United States District Court, N.D. Indiana, Fort Wayne Division

May 22, 2018

VALBRUNA SLATER STEEL CORPORATION and FORT WAYNE STEEL CORPORATION, Plaintiffs,
v.
JOSLYN MANUFACTURING COMPANY, JOSLYN CORPORATION and JOSLYN MANUFACTURING COMPANY, LLC, Defendants.

          OPINION AND ORDER

          JON E. DEGUILIO JUDGE

         This is an action pursuant to the Comprehensive Environmental Response, Compensation and Liability Act (“CERCLA”), 42 U.S.C. § 9601 et seq. wherein plaintiffs Valbruna Slater Steel Corporation and Fort Wayne Steel Corporation (collectively, “plaintiffs”) filed a cost recovery claim against defendants Joslyn Manufacturing Company, Joslyn Corporation, and Joslyn Manufacturing Company, LLC (collectively, “defendants” or “Joslyn entities”), who then filed a contribution counterclaim.

         More than eight years have passed since this lawsuit began. As a result, the procedural history of this litigation is extensive and much of it has been set forth in prior orders. To quickly summarize, the Court first resolved two motions for summary judgment filed by defendants. After discovery closed, the parties engaged in another round of summary judgment motions- two filed by defendants and one filed by plaintiffs. In ruling on these motions for summary judgment, the Court determined that the defendants were jointly and severally liable for the cost of remediating the contaminated site[1] (thereby entitling plaintiffs to declaratory judgment and payment of future costs). The Court deferred calculating damages until it could be determined what remediation costs were compensable and how those costs were to be equitably allocated [DE 124]. The Court then held trial in two phases-one for determining cost compensability and the other for determining cost contribution.

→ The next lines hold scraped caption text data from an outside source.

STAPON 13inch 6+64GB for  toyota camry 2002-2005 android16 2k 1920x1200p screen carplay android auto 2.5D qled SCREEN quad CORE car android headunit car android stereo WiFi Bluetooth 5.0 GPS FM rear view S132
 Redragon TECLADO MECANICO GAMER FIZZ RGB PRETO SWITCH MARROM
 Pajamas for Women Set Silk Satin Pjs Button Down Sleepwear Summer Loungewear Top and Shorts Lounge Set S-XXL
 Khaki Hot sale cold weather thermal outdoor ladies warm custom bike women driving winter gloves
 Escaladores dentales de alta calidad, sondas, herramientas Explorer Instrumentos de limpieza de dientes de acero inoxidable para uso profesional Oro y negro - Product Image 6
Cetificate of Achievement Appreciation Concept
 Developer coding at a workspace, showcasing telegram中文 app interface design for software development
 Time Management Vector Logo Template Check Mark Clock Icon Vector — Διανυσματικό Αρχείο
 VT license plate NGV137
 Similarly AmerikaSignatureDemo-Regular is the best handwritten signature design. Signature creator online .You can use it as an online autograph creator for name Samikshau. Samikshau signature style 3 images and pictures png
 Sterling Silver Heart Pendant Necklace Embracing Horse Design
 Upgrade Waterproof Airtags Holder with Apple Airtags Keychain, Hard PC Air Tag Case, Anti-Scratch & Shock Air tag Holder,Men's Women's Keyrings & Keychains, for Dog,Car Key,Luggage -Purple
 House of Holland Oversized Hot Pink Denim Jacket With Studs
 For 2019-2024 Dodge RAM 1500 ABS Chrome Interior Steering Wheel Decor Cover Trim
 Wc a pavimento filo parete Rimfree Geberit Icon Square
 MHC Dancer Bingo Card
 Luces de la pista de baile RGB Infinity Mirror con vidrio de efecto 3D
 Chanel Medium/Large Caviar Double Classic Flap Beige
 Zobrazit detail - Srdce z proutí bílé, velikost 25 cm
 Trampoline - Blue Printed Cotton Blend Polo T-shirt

These bench trials resulted in the issuance of extensive findings of fact and conclusions of law [DE 175; DE 182]. In Phase I of trial, the Court held that defendants were strictly liable to plaintiffs for $2, 029, 871.09 in cleanup costs [DE 175]; and in Phase II of trial, the Court determined that $1, 529, 871.09 of the recoverable costs were to be allocated 75% to defendants and 25% to plaintiffs (with the same allocation percentages applying to future costs deemed necessary and consistent with the National Contingency Plan) [DE 182].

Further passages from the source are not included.